Conclusion and limitations

Conclusion

This study examines the collaboration of human teachers and AI teachers in classrooms. It proposed a human–AI collaboration evaluation framework based on SDM that reveals the order degree and synergy degree of human–AI collaboration in hybrid intelligence learning environments. Through classroom data, this study measured the synergy degree and order degree in current human–AI collaborative classroom teaching, consisting of three interdependent and complementary subsystems: the collaboration subject, process, and environment. Furthermore, the teaching content and activities have a direct impact on both the synergy and order degrees, which exhibit dynamic variation over time. The findings of this study contribute to the development of more effective human–AI collaboration in the classroom and promote the integration of AI into teaching and learning. For example, an educational practitioner may use the human–AI collaboration evaluation framework based on SDM to develop a learning analytics dashboard for feedback and enhance the order degree between subsystems to better harness the potential of human–AI collaboration.

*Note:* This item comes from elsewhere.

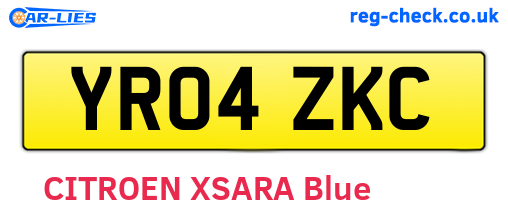 YR04ZKC are the vehicle registration plates.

Limitations and future direction

This study has several limitations. Firstly, the hybrid intelligence learning environments in this study are composed of human teachers and AI teachers, supported by educational robots. This intelligent learning environment represents only one way of human-robot, and as such, the presentation of the research data results may be subject to bias. Findings from the current study suggest that the synergy degree of human–AI is generally moderate, potentially influenced by the characteristics of the learning environment. Future research could conduct human–AI collaborative classroom evaluations and measurements across different types of intelligent learning environments.

In addition, this study is based on manual analysis of classroom videos and has not achieved automated real-time analysis, which makes it less convenient for teachers to view results immediately after class, leading to delays. Future research could focus on developing tools or platforms for measuring human–AI collaboration. Thirdly, this study focused solely on evaluating the synergy degree and order degree in human–AI based on external behaviours. In addition to these external manifestations, other factors, such as cognition and emotion, should also be considered. Therefore, future research should analyse the synergy between cognition and emotion in hybrid intelligence learning environments and the impact of collaboration on learning outcomes. Last but not least, since the collaboration mechanism in human–AI of classroom teaching has not yet been fully identified, further research should aim to construct the internal mechanisms of such collaboration.